• Work item
Hand back, word for word, the lines from the one containing "Vouvray-sur-Huisne : Cubic" to the end of the records, both included, and leave out pictures.

• Dataset entries
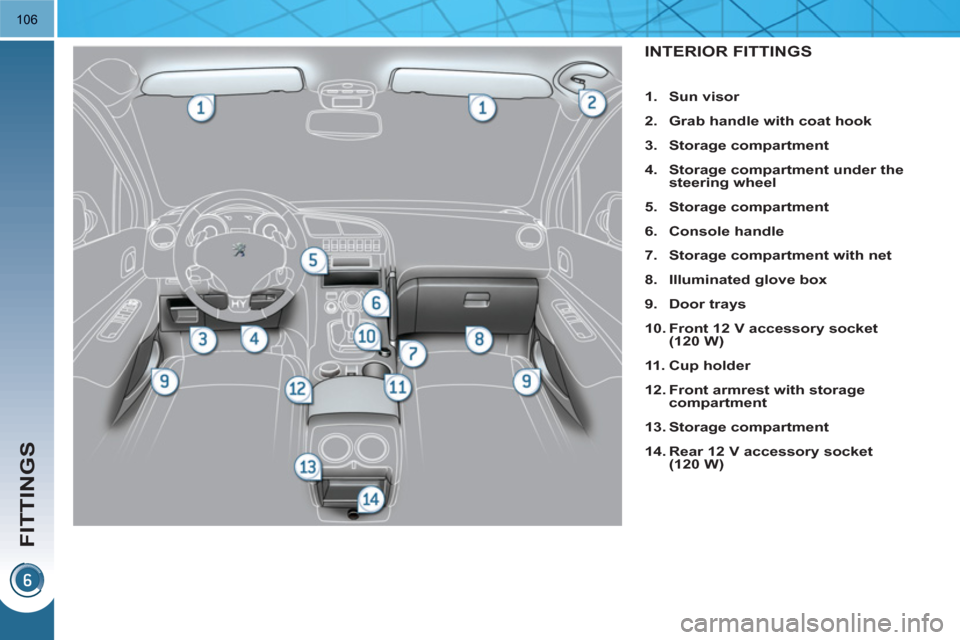 Peugeot 3008 Hybrid 4 2011  Owners Manual FITTINGS
106
INTERIOR FITTINGS
   
 
1. 
  Sun visor 
 
   
2. 
  Grab handle with coat hook 
 
   
3. 
  Storage compartment 
 
   
4. 
  Storage compartment under the 
steering wheel 
 
   
5. 
  St
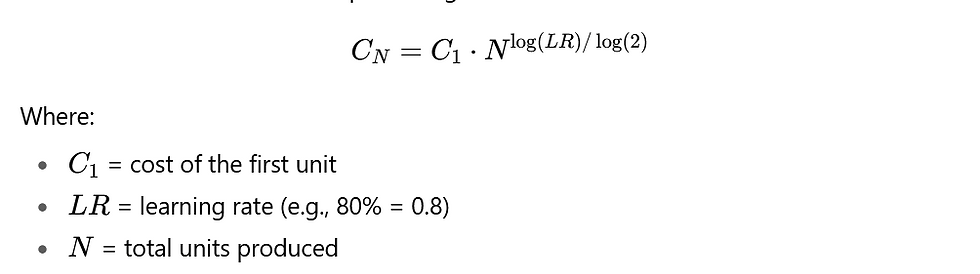Wright's Learning Curve Formula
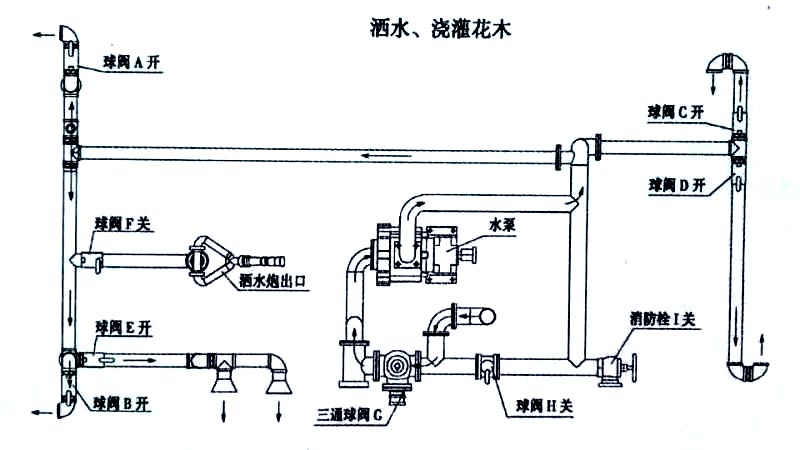 東風145型自裝卸式垃圾車噴灑、澆灌操作示意圖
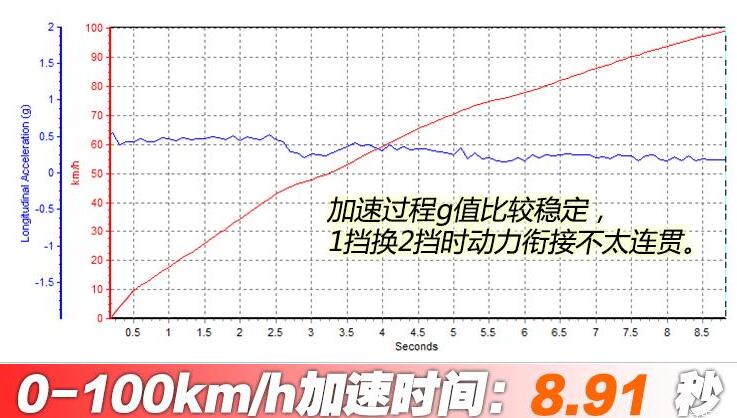 豪越百公里加速多少秒?豪越百公里加速测试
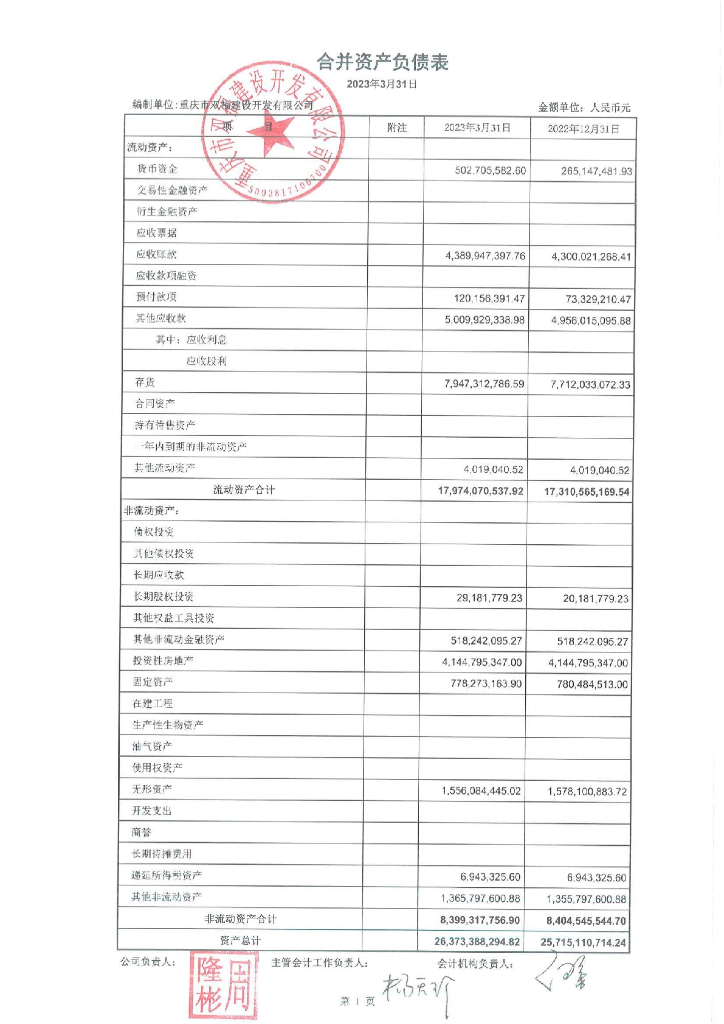 重庆市双福建设开发有限公司2023年一季度财务报表
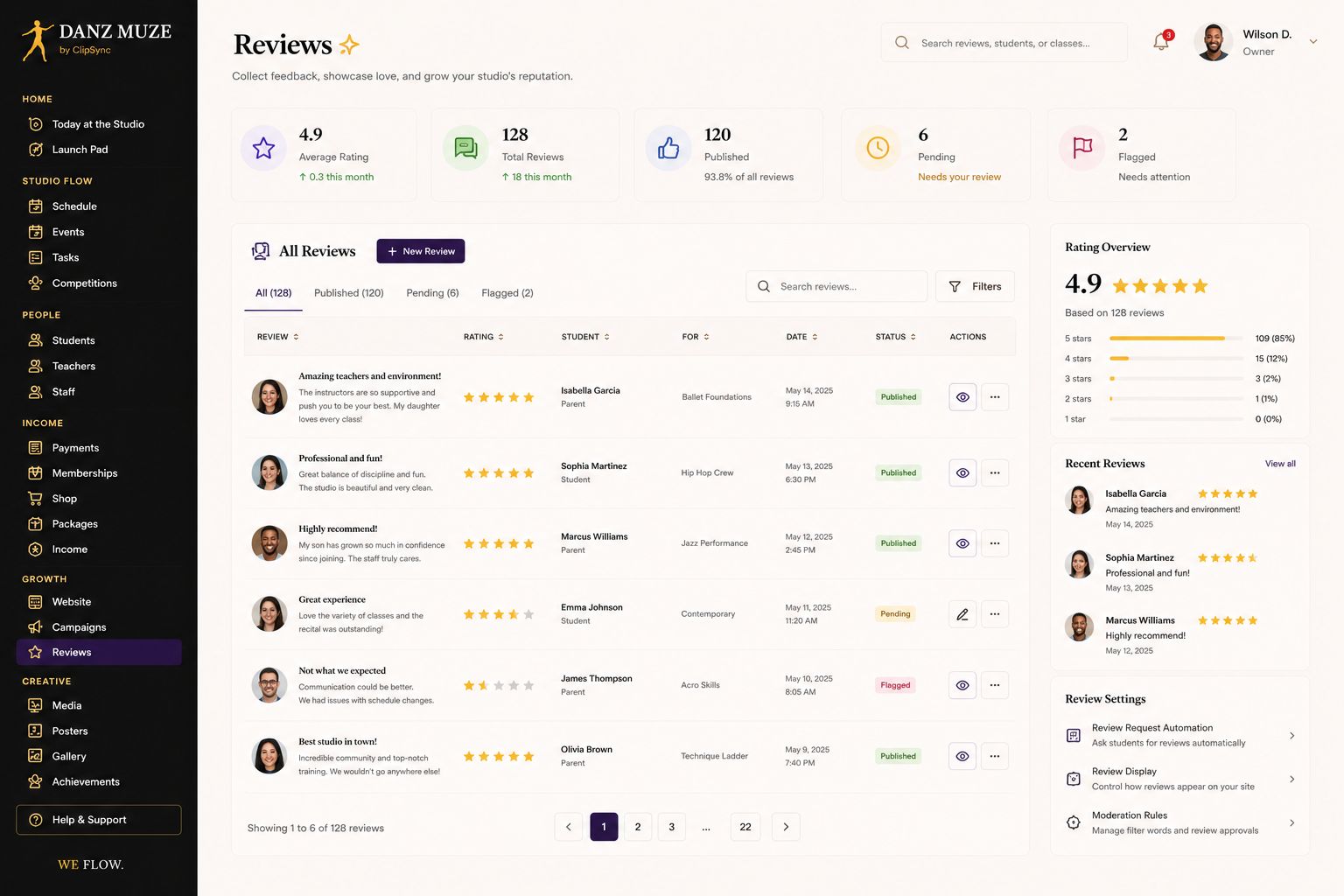 Reviews Dashboard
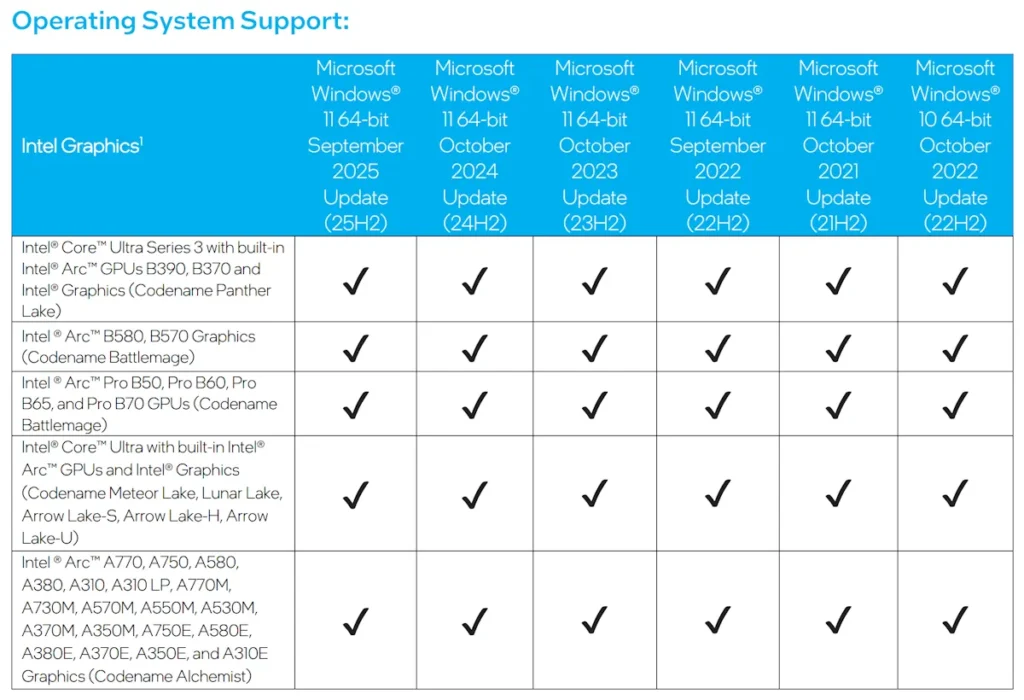 Intel Graphics Driver 32.0.101.8629 (WHQL) การ์จอรุ่นที่รองรับและ Windows ที่รองรับ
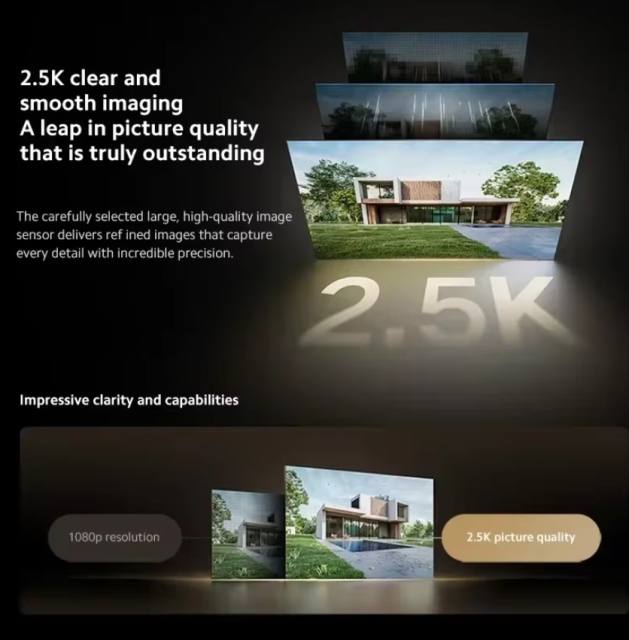 NEW Xiaomi Outdoor Camera Fresh finds BW500 2.5K Resolution 10000mAh Super-large Battery 8GB Onboard Storage IP67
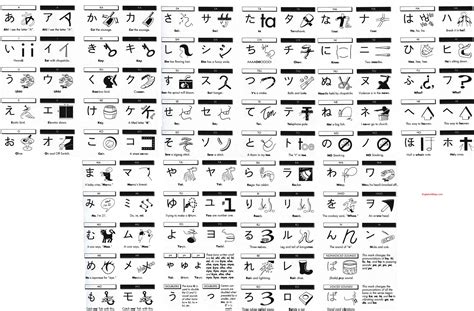 alphabet list katakana chart hiragana japanese language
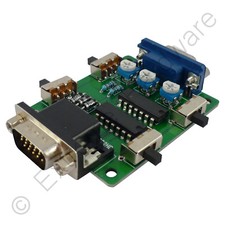 VGA Scanline Generator 15KHz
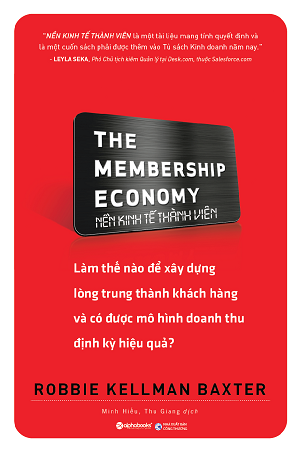  NỀN KINH TẾ THÀNH VIÊN 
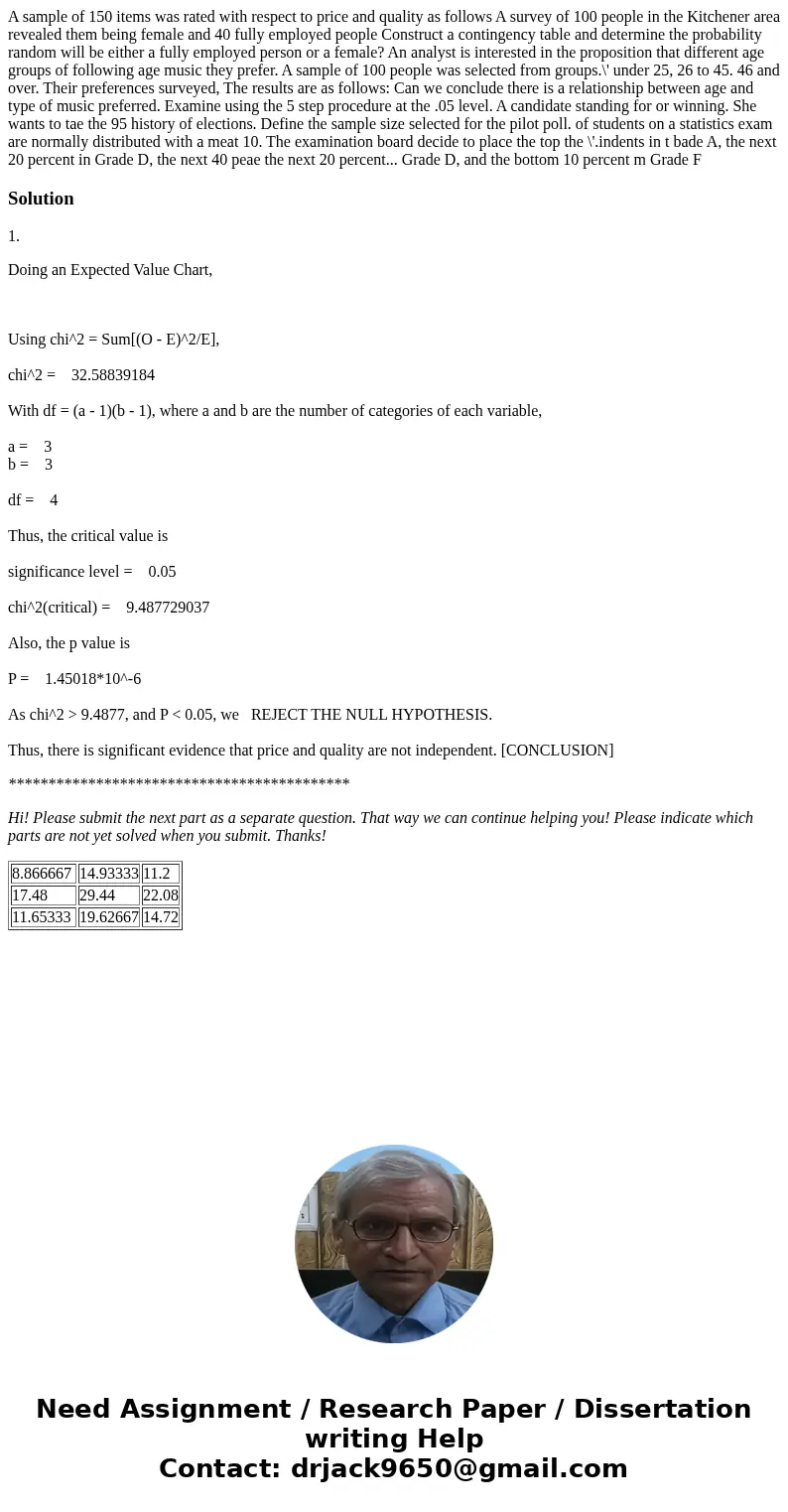  A sample of 150 items was rated with respect to price and quality as follows A survey of 100 people in the Kitchener area revealed them being female and 40 ful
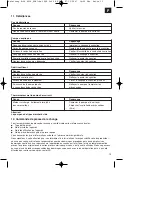 Preview for 13 page of Pattfield Ergo Tools 41.801.20 Operating Instructions Manual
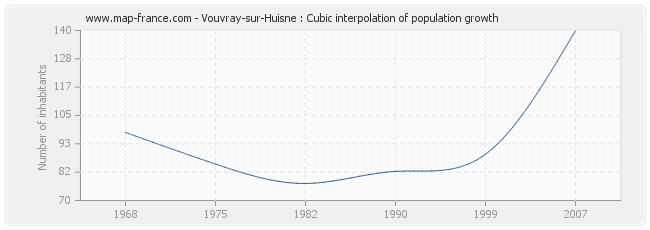 Vouvray-sur-Huisne : Cubic interpolation of population growth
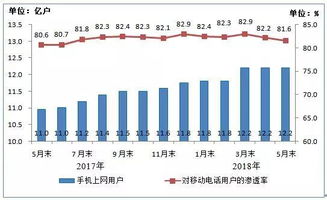 我國電信業(yè)務(wù)高質(zhì)量發(fā)展盤點(diǎn) 5月業(yè)務(wù)總量突破2萬億元，二類增值業(yè)務(wù)強(qiáng)勁增長129.1%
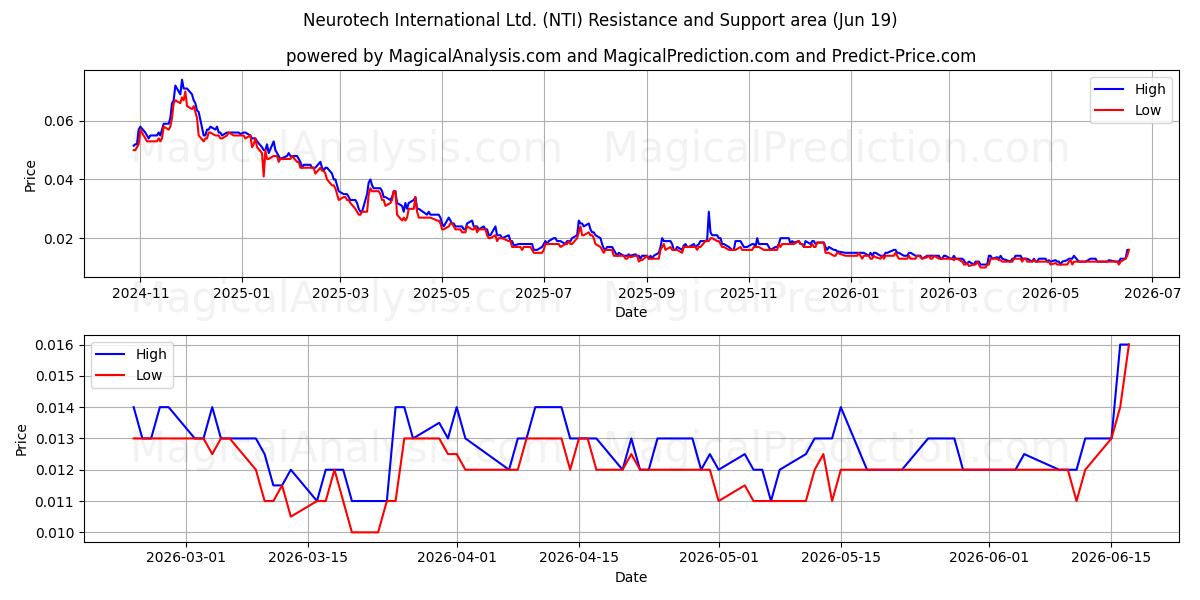  Neurotech International Ltd. (NTI) Support and Resistance area (18 Jun)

• Task solution
 Vouvray-sur-Huisne : Cubic interpolation of population growth
 我國電信業(yè)務(wù)高質(zhì)量發(fā)展盤點(diǎn) 5月業(yè)務(wù)總量突破2萬億元，二類增值業(yè)務(wù)強(qiáng)勁增長129.1%
  Neurotech International Ltd. (NTI) Support and Resistance area (18 Jun)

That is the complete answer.